Isolando e decontestualizzando i monumenti dal quotidiano - rappresentato dal triste deserto dei tetti e dei camini della città di Parigi - le preesistenze storiche esprimono un proprio valore di permanenza e immutabilità che le traspone all'interno di una dimensione sincronica del tempo storico. La storia, percepita come un pericolo rispetto all'inesorabile e inarrestabile volontà di cambiamento e progresso implicita nella modernità, può essere così salvata dalla distruzione attraverso un'operazione di isolamento e sospensione che produce un'inesorabile quanto necessaria interruzione della sua continuità. La tabula rasa è l'unica operazione storicamente possibile perché se da un lato consente una necessaria rigenerazione sociale di carattere escatologico[9] dall'altro concede alla preesistenza storica una chance di salvezza quando questa si trasforma in testimonianza di un passato che non esiste più. Il confronto dialettico diventa così l'unico rapporto possibile tra memoria storica e Modernità.

Scrive Le Corbusier:

«Il passato storico, patrimonio universale, viene rispettato. Dirò di più, viene salvato. Un protrarsi dell'attuale stato di crisi condurrebbe a una rapida soppressione di questo passato.

[...] Il Plan Voisin, occupa con gli edifici solo il 5% della superficie del suolo, salvaguarda i resti del passato e li colloca in un quadro armonioso: in mezzo al verde.
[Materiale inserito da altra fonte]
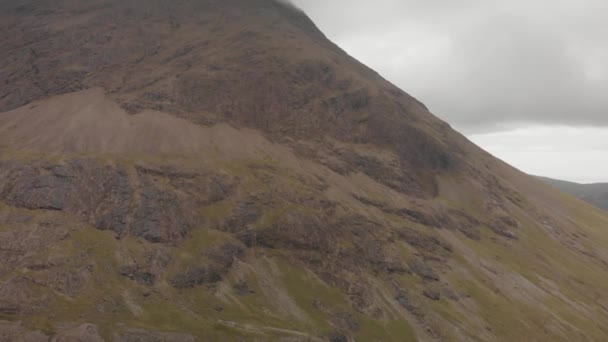 Advance Drone Shot Isle Skye Highlands Scotland Close View Tall — ストック動画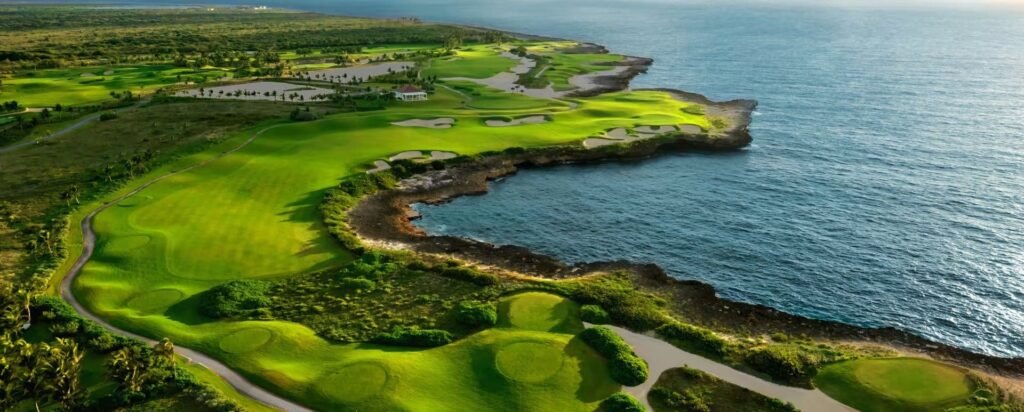 Bienvenido a Punta Cana

Bendecida con una de las costas de arena blanca más largas del Caribe, un total de 48 kilómetros, acentuada con palmeras de coco que parecen llegar hasta el cielo. Punta Cana es el sinónimo de descanso y relajación frente al mar.

Aquí, donde el océano Atlántico se encuentra con el mar Caribe, desde el extremo norte en Uvero Alto al sur en Punta Cana, los resorts todo incluido y hoteles boutique ofrecen todos los mimos y el confort de la vida moderna frente al mar.

Las familias podrán disfrutar de centros de entretenimiento en miniatura, así como parques de agua para niños, mientras que las parejas hallarán enclaves de ensueño para celebrar bodas, con ofertas recluidas en la playa para una estancia aún más romántica. Pero no solo encontrarás diversión bajo el sol, con fina arena blanca y un mar cristalino e iridiscente para nadar, pescar, o darte un chapuzón entre vida marina y barcos hundidos. Punta Cana, también es el paraíso para los golfistas, con 10 campos de golf ubicados a lo largo de la costa, un escape de playa con lujosas marinas y cenas gourmet, y una zona de bienestar con los mejores spas del país, incluyendo el único Six Senses del Caribe.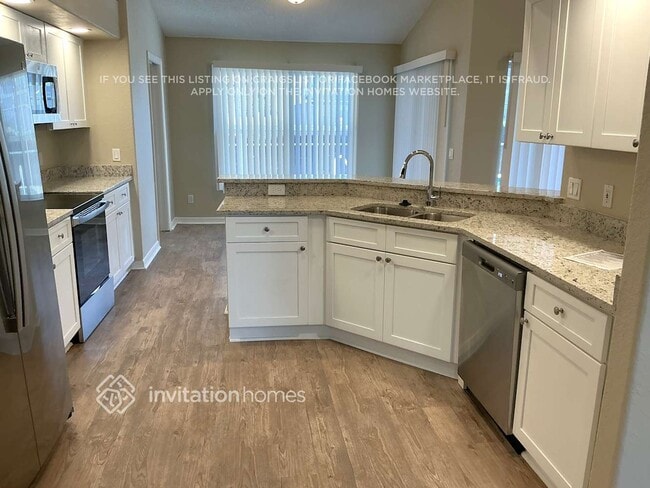 Photo - 423 Azure Rd
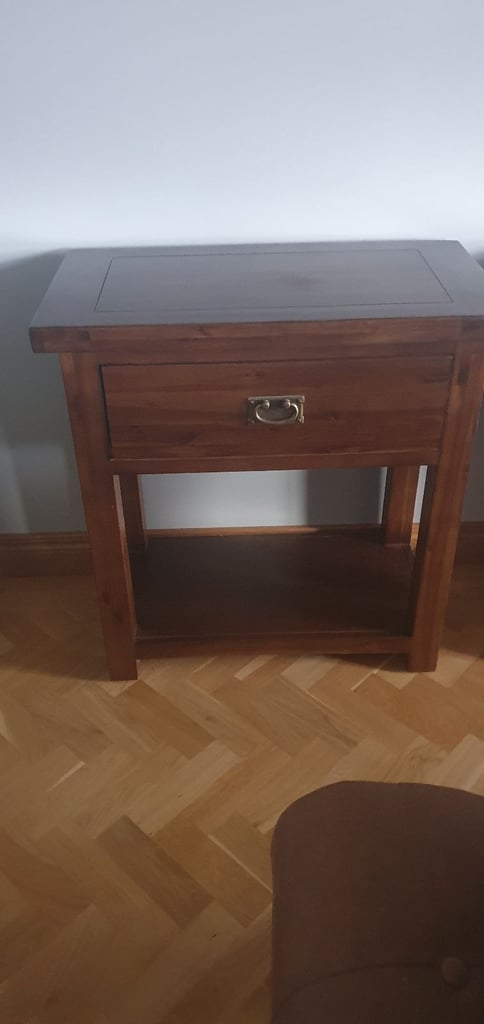 Console table with matching lamp table and mirror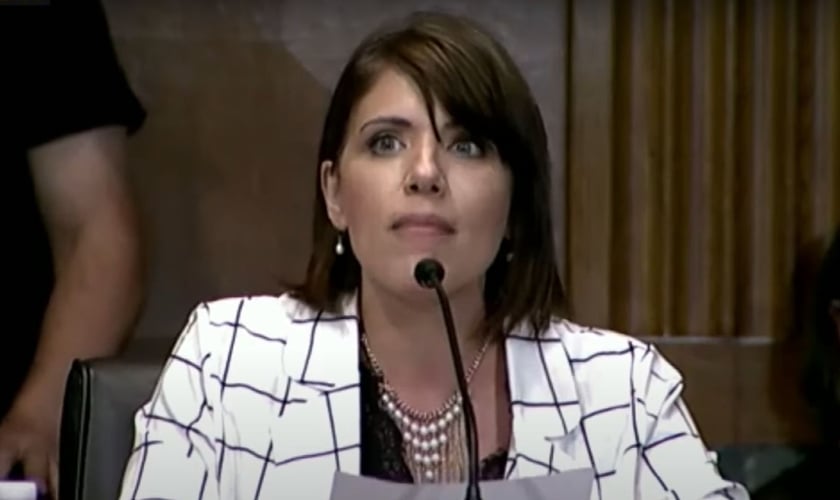 Melissa Ohden, sobrevivente de um aborto, vai ao Congresso protestar contra a Lei de Proteção à Saúde da Mulher. (Foto: Reprodução/YouTube)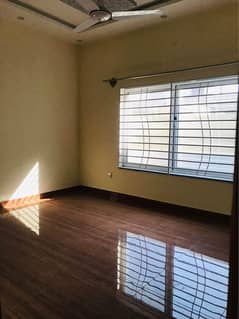 8 Marla House Upper Portion available for Rent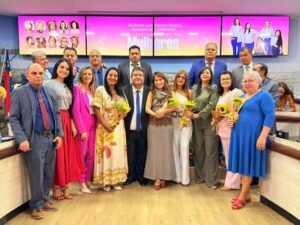Câmara de Vitória da Conquista homenageia ex-vereadoras e lideranças femininas em sessão do Dia Internacional da Mulher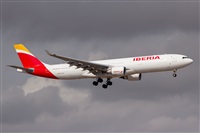 �Aar�n25. Click to see full size photo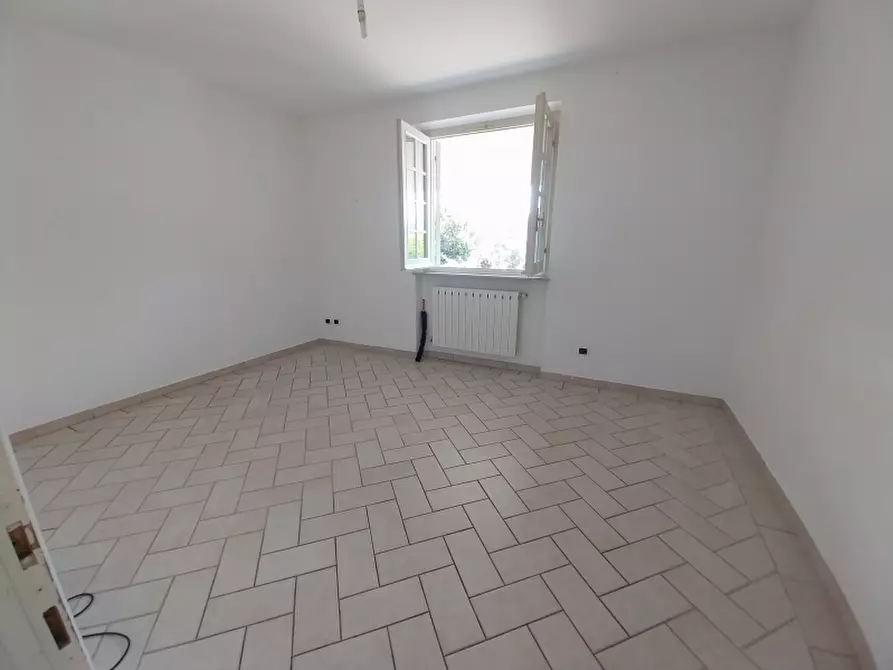 Immagine 17 di Villa in vendita  in Via Silerchie a Camaiore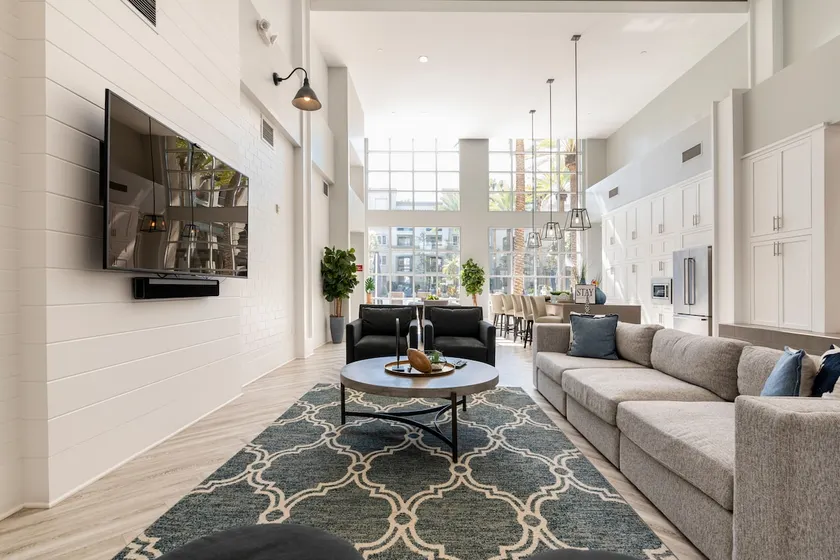 Condo in Irvine perfect for longer stays - Image 1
Ma sì, le cose così muoiono un giorno, e questi parchi alla Monceau sono tanti cimiteri tenuti con estrema cura. Qui si viene a erudirsi, a sognare e a respirare: il passato non è più qualche cosa che minaccia la vita, ha trovato la sua sistemazione» (Le Corbusier 1924, pp. 277-278).
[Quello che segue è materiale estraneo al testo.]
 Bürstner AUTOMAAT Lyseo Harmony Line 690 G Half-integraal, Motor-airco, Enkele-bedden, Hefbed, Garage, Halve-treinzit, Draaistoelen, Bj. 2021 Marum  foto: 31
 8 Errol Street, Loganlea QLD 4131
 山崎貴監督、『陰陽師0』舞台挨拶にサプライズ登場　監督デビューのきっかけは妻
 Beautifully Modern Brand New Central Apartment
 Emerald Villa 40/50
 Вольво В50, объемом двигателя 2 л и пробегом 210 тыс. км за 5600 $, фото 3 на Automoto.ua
Tafuri, riferendosi in particolare a questi passaggi, evidenzia come «l'antistoricismo del movimento moderno sia profondamente radicato nella storia» (Tafuri 1986, p. 89), perché, sostiene, «da un lato dissolve la funzione tradizionale di continuità degli eventi storici», in favore di un rapporto dialettico, «dall'altro recupera i valori della memoria su basi radicalmente nuove» (Tafuri 1986, p. 93).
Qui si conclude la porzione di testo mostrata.